»»

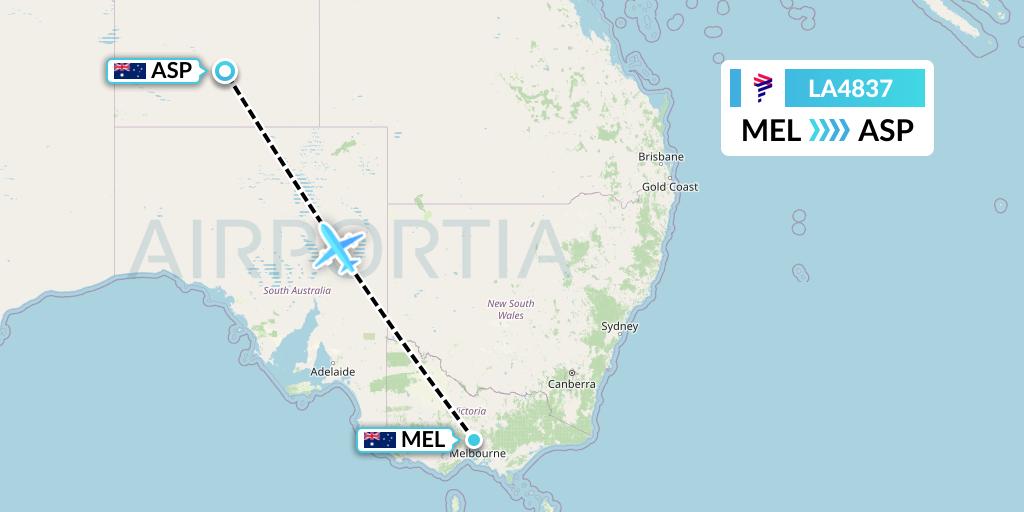 LA4837 LAN Airlines Flight Map: Melbourne to Alice Springs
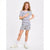 Sinsay Girl's White & Navy Striped Chest Print T-Shirt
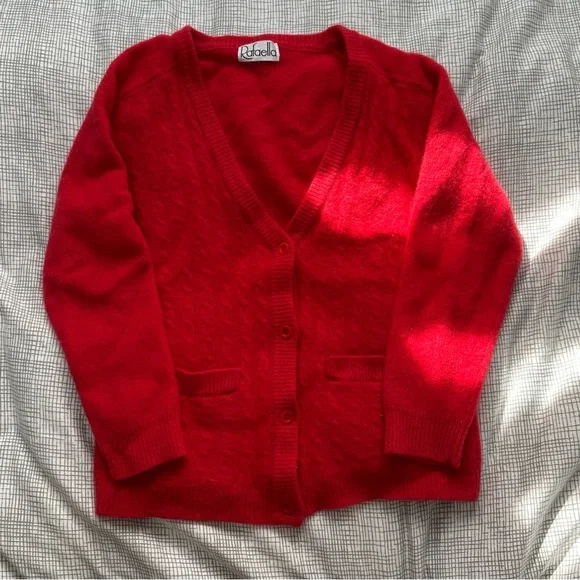Vintage Rafaella Red Wool Knit Cardigan - Picture 4 of 10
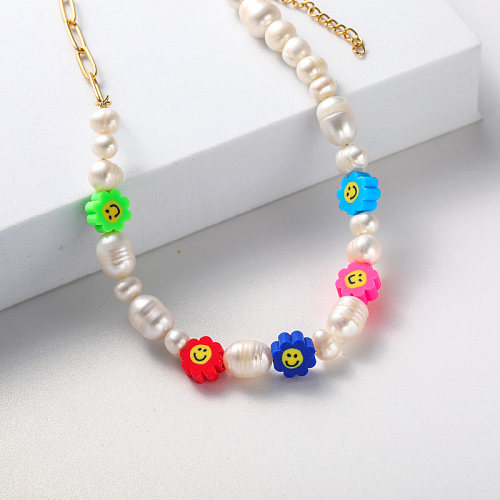 cute girl pearl pendant stainless steel necklace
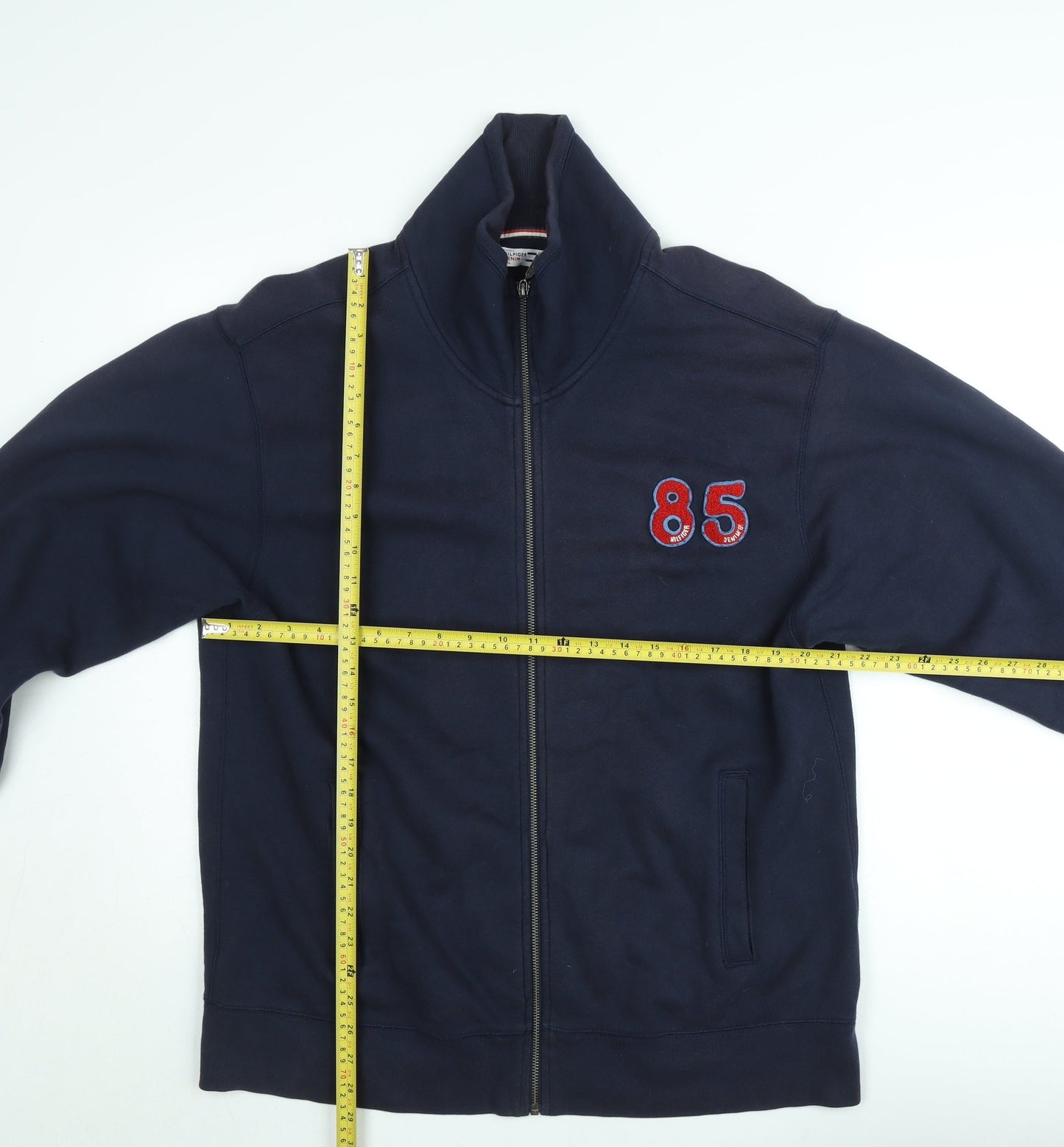 Tommy Hilfiger Men's Blue Full Zip Sweatshirt XL Embroidered Logo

««

#### Task instructions
Reproduce the material word for word, pictures excluded.

#### Your response
 LA4837 LAN Airlines Flight Map: Melbourne to Alice Springs
 Sinsay Girl's White & Navy Striped Chest Print T-Shirt
Vintage Rafaella Red Wool Knit Cardigan - Picture 4 of 10
 cute girl pearl pendant stainless steel necklace
 Tommy Hilfiger Men's Blue Full Zip Sweatshirt XL Embroidered Logo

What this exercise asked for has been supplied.